The only village in this township is Seaton, located on the Iowa Central Railroad.
Like all new towns, the residences and business houses were frame structures. The town had no fire department, and without warning the fire fiend swept down on the village and, in an hour's time, consumed its principal business houses.
In the rebuilding of the village, and to guard against a repetition of such distaster, brick was substituted for all mercantile houses and the hotel. A cleaner, neater or more prosperous town, for its size, is not found in our State.
Good stores of all kinds, in the hands of competent business men, furnish the people with the necessaries of life, and the traveler, when he passes through its portals, can be safely lodged in a hotel of which any town in the county would be proud.

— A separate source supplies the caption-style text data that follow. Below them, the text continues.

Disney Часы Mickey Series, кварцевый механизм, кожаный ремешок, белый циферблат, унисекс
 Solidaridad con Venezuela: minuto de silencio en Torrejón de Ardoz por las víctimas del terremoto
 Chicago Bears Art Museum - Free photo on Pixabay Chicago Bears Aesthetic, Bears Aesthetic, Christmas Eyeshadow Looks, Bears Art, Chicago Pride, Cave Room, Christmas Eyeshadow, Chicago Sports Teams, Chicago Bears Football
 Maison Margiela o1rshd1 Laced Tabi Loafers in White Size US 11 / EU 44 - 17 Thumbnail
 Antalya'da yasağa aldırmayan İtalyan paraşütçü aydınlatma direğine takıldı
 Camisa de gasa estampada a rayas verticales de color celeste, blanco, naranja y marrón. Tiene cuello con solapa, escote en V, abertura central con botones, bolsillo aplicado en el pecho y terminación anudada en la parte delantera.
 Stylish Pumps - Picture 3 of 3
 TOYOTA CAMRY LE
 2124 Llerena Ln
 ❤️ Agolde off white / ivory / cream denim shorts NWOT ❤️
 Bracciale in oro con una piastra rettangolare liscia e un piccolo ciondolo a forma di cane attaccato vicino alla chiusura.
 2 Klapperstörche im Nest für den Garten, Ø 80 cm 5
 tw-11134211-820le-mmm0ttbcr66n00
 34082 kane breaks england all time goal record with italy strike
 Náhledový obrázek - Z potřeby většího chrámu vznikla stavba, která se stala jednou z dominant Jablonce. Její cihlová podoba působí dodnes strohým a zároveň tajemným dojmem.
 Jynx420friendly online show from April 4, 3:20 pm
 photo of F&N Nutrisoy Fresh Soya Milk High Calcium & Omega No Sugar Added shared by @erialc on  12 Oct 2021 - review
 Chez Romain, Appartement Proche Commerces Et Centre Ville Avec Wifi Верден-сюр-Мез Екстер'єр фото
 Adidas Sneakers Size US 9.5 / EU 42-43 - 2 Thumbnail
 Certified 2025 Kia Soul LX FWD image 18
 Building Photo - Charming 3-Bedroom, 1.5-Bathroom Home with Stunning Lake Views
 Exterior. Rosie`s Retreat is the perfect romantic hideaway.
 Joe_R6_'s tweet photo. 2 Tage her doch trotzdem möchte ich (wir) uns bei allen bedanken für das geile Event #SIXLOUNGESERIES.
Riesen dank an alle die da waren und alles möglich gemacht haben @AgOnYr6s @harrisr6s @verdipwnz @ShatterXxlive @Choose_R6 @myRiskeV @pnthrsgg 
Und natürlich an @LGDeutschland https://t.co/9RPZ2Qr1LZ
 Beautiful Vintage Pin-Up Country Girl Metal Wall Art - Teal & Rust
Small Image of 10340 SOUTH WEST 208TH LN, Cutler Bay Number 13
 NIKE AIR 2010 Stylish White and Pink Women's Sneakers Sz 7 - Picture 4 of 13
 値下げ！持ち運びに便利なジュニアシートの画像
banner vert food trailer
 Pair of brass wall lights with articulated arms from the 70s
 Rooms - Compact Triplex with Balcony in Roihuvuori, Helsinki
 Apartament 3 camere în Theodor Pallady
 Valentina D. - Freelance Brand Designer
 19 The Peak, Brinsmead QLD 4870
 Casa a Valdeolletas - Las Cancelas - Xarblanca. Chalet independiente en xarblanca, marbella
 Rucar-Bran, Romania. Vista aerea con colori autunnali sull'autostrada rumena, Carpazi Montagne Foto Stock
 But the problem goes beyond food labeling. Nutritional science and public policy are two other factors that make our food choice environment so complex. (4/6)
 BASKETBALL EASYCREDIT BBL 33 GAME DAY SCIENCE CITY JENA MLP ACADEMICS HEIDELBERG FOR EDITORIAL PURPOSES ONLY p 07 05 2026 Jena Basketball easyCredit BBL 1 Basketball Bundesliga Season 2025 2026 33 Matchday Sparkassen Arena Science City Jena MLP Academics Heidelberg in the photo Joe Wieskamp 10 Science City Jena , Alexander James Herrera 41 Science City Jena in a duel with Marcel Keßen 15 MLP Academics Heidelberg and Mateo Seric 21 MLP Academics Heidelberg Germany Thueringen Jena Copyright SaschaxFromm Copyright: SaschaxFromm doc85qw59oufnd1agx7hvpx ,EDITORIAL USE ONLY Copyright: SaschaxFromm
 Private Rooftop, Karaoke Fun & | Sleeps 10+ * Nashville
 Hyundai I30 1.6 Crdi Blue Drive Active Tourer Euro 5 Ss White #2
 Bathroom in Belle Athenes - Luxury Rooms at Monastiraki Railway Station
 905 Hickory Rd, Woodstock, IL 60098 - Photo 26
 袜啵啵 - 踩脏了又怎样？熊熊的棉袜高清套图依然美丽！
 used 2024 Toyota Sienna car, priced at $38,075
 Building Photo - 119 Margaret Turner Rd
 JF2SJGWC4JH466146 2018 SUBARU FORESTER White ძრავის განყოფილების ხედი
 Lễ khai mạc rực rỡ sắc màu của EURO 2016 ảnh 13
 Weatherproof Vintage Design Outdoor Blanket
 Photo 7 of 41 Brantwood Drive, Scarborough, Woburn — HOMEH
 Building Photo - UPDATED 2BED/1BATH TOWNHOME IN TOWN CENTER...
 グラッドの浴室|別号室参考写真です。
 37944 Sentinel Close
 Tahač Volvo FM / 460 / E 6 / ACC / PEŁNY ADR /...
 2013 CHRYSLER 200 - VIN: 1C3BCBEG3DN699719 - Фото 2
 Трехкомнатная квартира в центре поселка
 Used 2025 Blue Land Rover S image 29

As a shipping point it is central for a large section. Its railroad communication is all that could be desired. The fact that other towns in the county, particularly Aledo, should be deprived of as good railroad facilities as Seaton, in the matter of stock shipments and passenger transportation, does not speak well for the accommodations furnished by the great Chicago, Burlington & Quincy Company.
Seaton is a strong competitor of some of the other towns in the county, and it will require firm energy and the reaching out for the best interests of their own localities to hold the trade they already have.
Seaton's financial interests are conducted by the Seaton Bank, an institution well officered and with a capital sufficient to supply the wants of its citizens.